--- What you are asked to do ---
Below are some records. Print exactly the lines between the one holding "Resim Steep Seramik" and the one holding "Kuru Fasulye ve", inclusive, and nothing else.

**** Records supplied

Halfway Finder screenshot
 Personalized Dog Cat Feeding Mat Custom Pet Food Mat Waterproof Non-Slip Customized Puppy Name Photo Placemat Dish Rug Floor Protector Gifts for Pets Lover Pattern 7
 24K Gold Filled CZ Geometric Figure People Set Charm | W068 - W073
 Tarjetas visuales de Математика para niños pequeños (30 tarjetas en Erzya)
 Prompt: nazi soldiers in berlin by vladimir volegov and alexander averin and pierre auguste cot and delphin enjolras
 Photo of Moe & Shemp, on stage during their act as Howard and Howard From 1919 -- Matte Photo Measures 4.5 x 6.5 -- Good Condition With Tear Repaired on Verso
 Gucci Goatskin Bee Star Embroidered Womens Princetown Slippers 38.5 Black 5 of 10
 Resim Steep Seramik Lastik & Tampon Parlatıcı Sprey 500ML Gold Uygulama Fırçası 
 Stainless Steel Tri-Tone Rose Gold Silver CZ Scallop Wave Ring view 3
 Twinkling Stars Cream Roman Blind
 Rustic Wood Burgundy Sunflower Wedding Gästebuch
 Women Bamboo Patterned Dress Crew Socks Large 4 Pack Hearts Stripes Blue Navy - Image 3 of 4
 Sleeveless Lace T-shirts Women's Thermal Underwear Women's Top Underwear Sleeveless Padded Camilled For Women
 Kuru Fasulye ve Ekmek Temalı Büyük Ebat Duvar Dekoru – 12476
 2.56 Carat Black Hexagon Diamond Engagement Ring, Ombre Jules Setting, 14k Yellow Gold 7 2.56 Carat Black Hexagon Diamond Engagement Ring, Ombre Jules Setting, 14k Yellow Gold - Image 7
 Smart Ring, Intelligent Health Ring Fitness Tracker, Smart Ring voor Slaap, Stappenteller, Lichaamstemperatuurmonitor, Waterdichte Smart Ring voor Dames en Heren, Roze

********

--- Result of this task ---
 Resim Steep Seramik Lastik & Tampon Parlatıcı Sprey 500ML Gold Uygulama Fırçası 
 Stainless Steel Tri-Tone Rose Gold Silver CZ Scallop Wave Ring view 3
 Twinkling Stars Cream Roman Blind
 Rustic Wood Burgundy Sunflower Wedding Gästebuch
 Women Bamboo Patterned Dress Crew Socks Large 4 Pack Hearts Stripes Blue Navy - Image 3 of 4
 Sleeveless Lace T-shirts Women's Thermal Underwear Women's Top Underwear Sleeveless Padded Camilled For Women
 Kuru Fasulye ve Ekmek Temalı Büyük Ebat Duvar Dekoru – 12476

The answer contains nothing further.